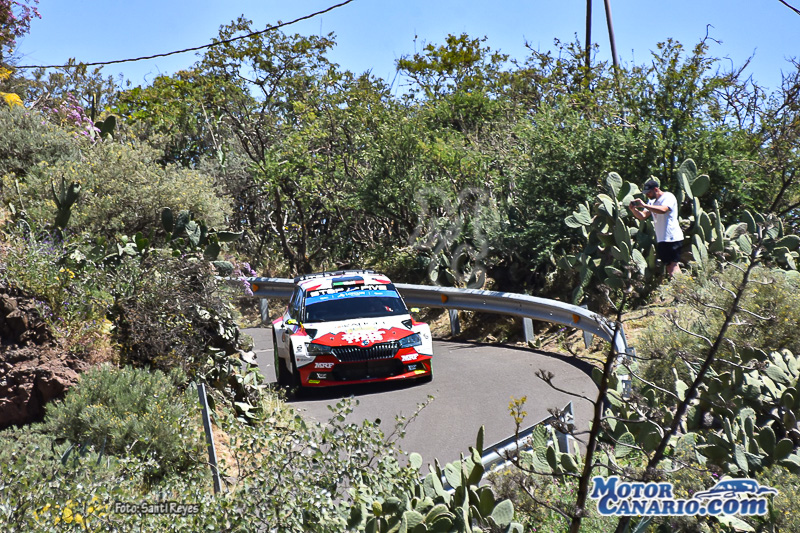 Rallye Islas Canarias 2022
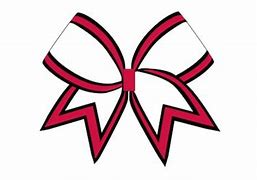 Image result for Cheer Bow Clip Art Silhouette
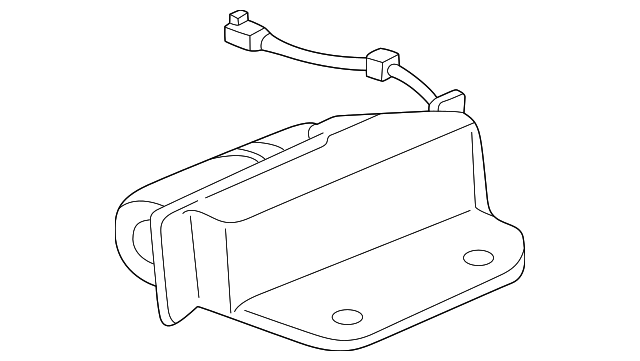 15139680 PASSENGER AIR BAG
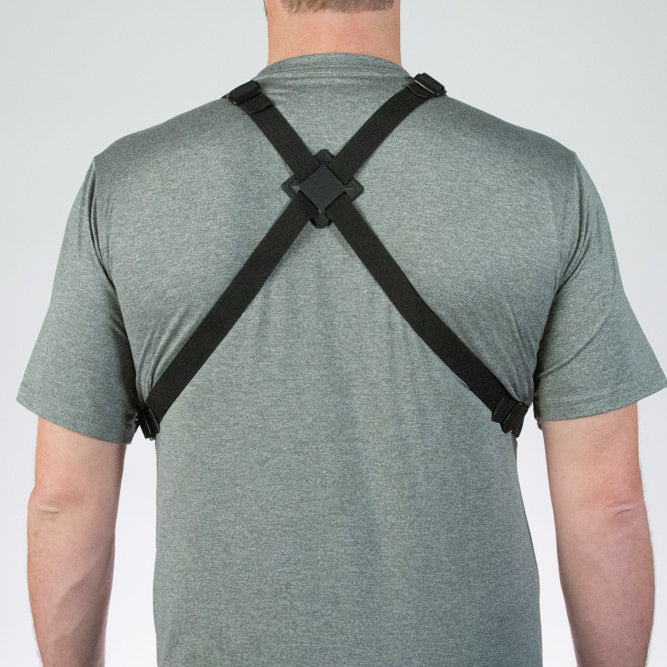 Longer chest straps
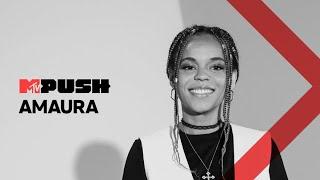 MTV Push Portugal Amaura - Entrevista  MTV Portugal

● ● ● ● ●

| Requirement |
Please restate exactly the lines from the one containing "Image result for" down to the end of the material, both ends kept, and do not include the pictures.

| Written answer |
 Image result for Cheer Bow Clip Art Silhouette
 15139680 PASSENGER AIR BAG
 Longer chest straps
 MTV Push Portugal Amaura - Entrevista  MTV Portugal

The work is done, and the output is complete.